There are eye-catching, or fun, applications: but has research into wearable computing a serious purpose? Professor Sandy Pentland of MIT’s prestigious Media Lab, one of the world’s leading experts on the topic, says that for “wearable computer” read “mobile phone”.

He argues: “The mobile phone is the first truly pervasive computing platform. The question is not: ‘is the wearable computer a gimmick?’ but whether it will be people’s primary computing platform and push all others decisively aside.”

He backs this view with a commercial rather than social argument: “With telecoms operators’ revenues from voice services dropping quickly, everyone is looking for digital data services to stoke growth. The model of a wearable computer is exactly that…and it is working.

“Google maps for handhelds, push e-mail and digital cameras are all computer applications migrating to the mobile. Even the physical aspect of the mobile is being designed around wearability. Look at the Moto line, the Oakley Bluetooth glasses and Bluetooth headsets.”

It is an argument that finds favour with Ken Blakeslee, chairman of Webmobility Ventures, an investment and advisory company, a longtime advocate of computing on the move: “The whole area of personal electronics is about connectivity,” he says, pointing to the importance of wearable human/machine interfaces – the input and display – rather than processors.

The mobile phone, he argues, has as much power and resources as a desktop computer but has shortcomings: “The time it really lets you down is when you want to listen to something or experience something.

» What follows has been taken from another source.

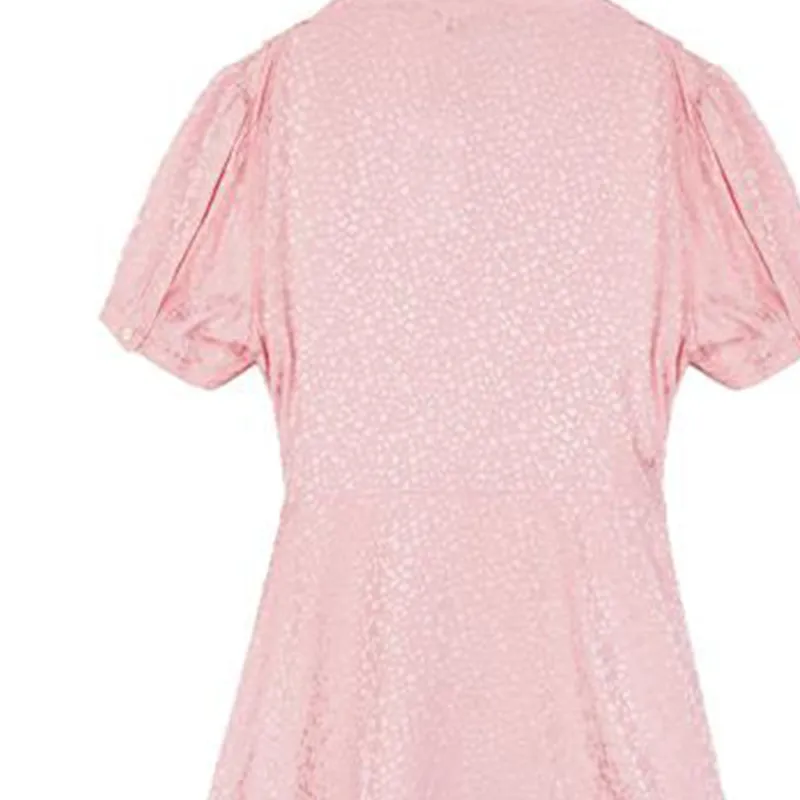 COACH Short Sleeved Dresses Women's Pink-3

That is where, I believe, better headsets and displays will come into their own.

“I think it’s about things you can carry rather than wear. If they are fashionable you show them; otherwise you hide them. People don’t want to be seen carrying chunks of technology.”

As examples, Mr Blakeslee points to lightweight, comparatively inexpensive (around €300) head-up displays in the shape of spectacles made by MicroOptical Corporation and by Incuiti Corporation. Many experts believe that the most important uses of wearable (and embeddable) technology will be in medicine and health. Professor Joe Paradiso of MIT, for example, developed shoes that analyse the movement of a dancer or the gait of a disabled person.

According to Robin Mannings of BT: “The fact that clothing is intimately in contact with the body gives you the opportunity to monitor body systems closely: the heart through the shirt, the head through the hat.”

He says that with increasing health and safety legislation, wearable computers would be a way of ensuring people are in the right place and doing the right things in the right way: “There is, inevitably, a Big Brother aspect to all that, but I’m afraid that is just part of business.”

Mr Mannings also envisages intelligent clothing conversing with chips inside the body to monitor well-being: “If I was having an operation, I wouldn’t mind the surgeon slipping in a chip or two while he’s at it,” he says.

But then, futurologists think like that.